→ **THE PROBLEM**: Excluding pictures, give the entries again exactly as they appear.

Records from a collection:
+ + + +

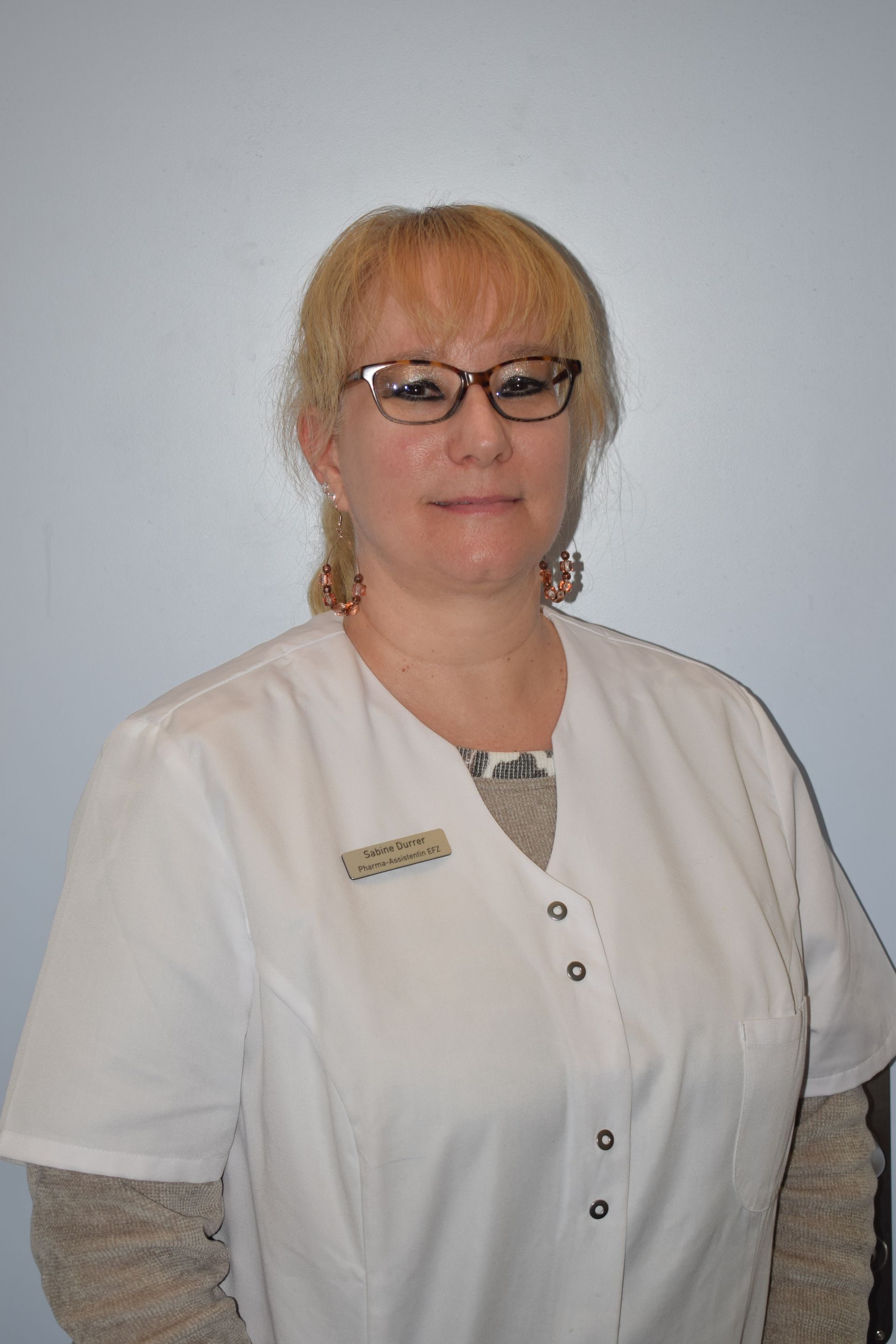 Cysat Apotheke  | Luzern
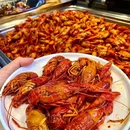G+KITCHEN·西式料理(天津首店) - 天津市旅游 缩略图 4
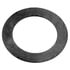 1107D56 by MERITOR - WASHER-SPACING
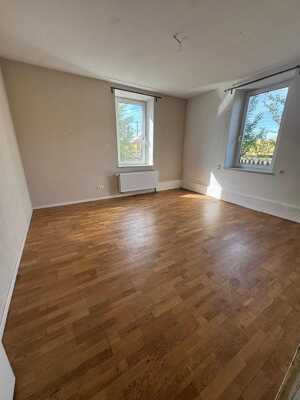 9-Zi. Zweifamilienhaus mit 1080m2 Grund, unmittelbar am Bahngleis, 15 min mit der Bahn nach München – 85567 Grafing – Vorschaubild 6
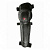 Dainese Наколенники Knee V E1 001 Black в Уфе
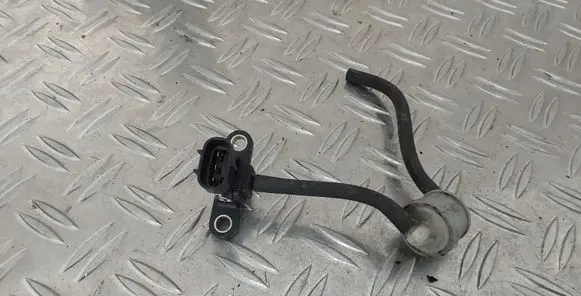 Toyota Corolla Verso AR10 Air pressure sensor 8942120200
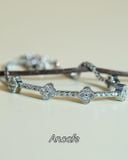 [ancafe-accessories] Lắc tay BL390K-022-BAC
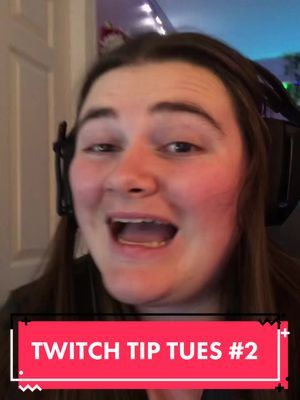 Video post by @upsidedownjess on TikTok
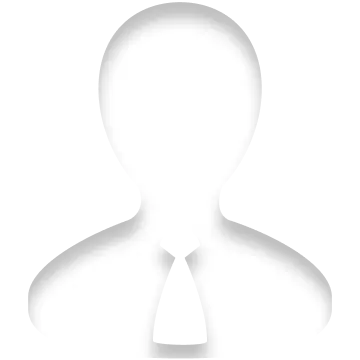 Administrator Icon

+ + + +

→ **ANSWER TO THIS EXERCISE**:
 Cysat Apotheke  | Luzern
G+KITCHEN·西式料理(天津首店) - 天津市旅游 缩略图 4
 1107D56 by MERITOR - WASHER-SPACING
 9-Zi. Zweifamilienhaus mit 1080m2 Grund, unmittelbar am Bahngleis, 15 min mit der Bahn nach München – 85567 Grafing – Vorschaubild 6
 Dainese Наколенники Knee V E1 001 Black в Уфе
 Toyota Corolla Verso AR10 Air pressure sensor 8942120200
 [ancafe-accessories] Lắc tay BL390K-022-BAC
 Video post by @upsidedownjess on TikTok
 Administrator Icon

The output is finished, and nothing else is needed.